Dr. Healy's brainchild is the Latimer Energy Lab, and since 2012 (through an endowment from an anonymous donor), both students and the Lab have benefited from its director's thirst for excellence and drive for ever-improving pedagogy. "I wanted the Lab to be an incubator for new teaching methods," Healy said. "Each summer we experiment with different approaches. Since the beginning, students have worked in small groups on a specific problem. More recently we've put larger teams of scholars to work on components of one 'super project' or on several synergistic projects. Current research points to the value of providing students the opportunity to problem-solve collaboratively, mirroring the way they will function when they start their careers."

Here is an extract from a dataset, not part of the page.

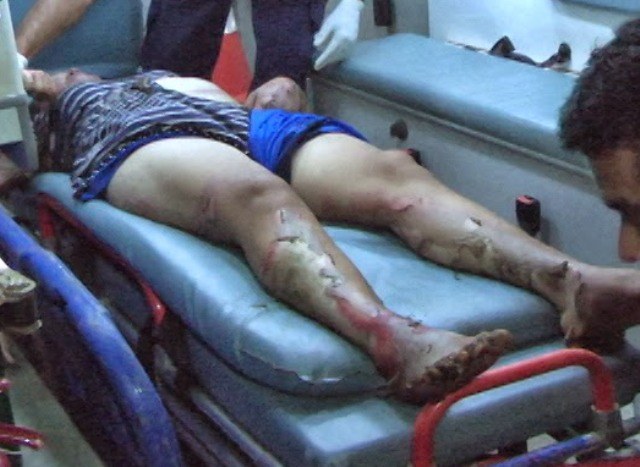 Mulher sofre queimaduras graves após receber descarga elétrica pelo celular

Assisting Healy is mentor and adjunct professor Greg P. Smestad '83, founder of Sol Ideas Technology Development, and expert in the field of optoelectronics and materials used for solar energy conversion. "For one of the first projects," explains Healy, "Greg donated equipment and mentored Peter Stephens '14 (mechanical engineering) and Daniel Shull '14 (bioengineering) as they researched and modeled the power output of a Solyndra photovoltaic panel compared with a typical flat PV module, confirmed theory through experimentation, and presented their work at two conferences."
Visiting scholar from Brazil Jacqueline Barbosa and Kirby Linvill '15 (computer science and engineering) measured current-voltage characteristics of solar panels. Linvill wrote an Arduino code that reduced the cost from $6,000 to under $100, making solar measurements affordable for developing countries.
One of last summer’s projects, an improved cookstove that uses the fire's heat to generate electricity for ventilation and water pasteurization, was recently implemented successfully by Christopher Clark '17 (mechanical engineering) in Tanzania and Malawi.
Smestad said, "The Latimer Lab is unique in the cross-pollinations it allows. A bridge is formed between a mechanical engineering student and the physics department, between an electrical engineering student and one in chemistry, and between engineering and environmental science majors. Dr. Healy opens the Lab up to other disciplines and encourages collaboration. He's always trying new experiments for the Lab; he's always exploring."
Alumni of the Lab have gone on to graduate study and careers at Apple, Lockheed Martin, Teradata, and utility companies. The future looks brighter still. "It is my hope that the Latimer Energy Lab can serve as a springboard toward a major new lab in the STEM complex now under development," said Healy.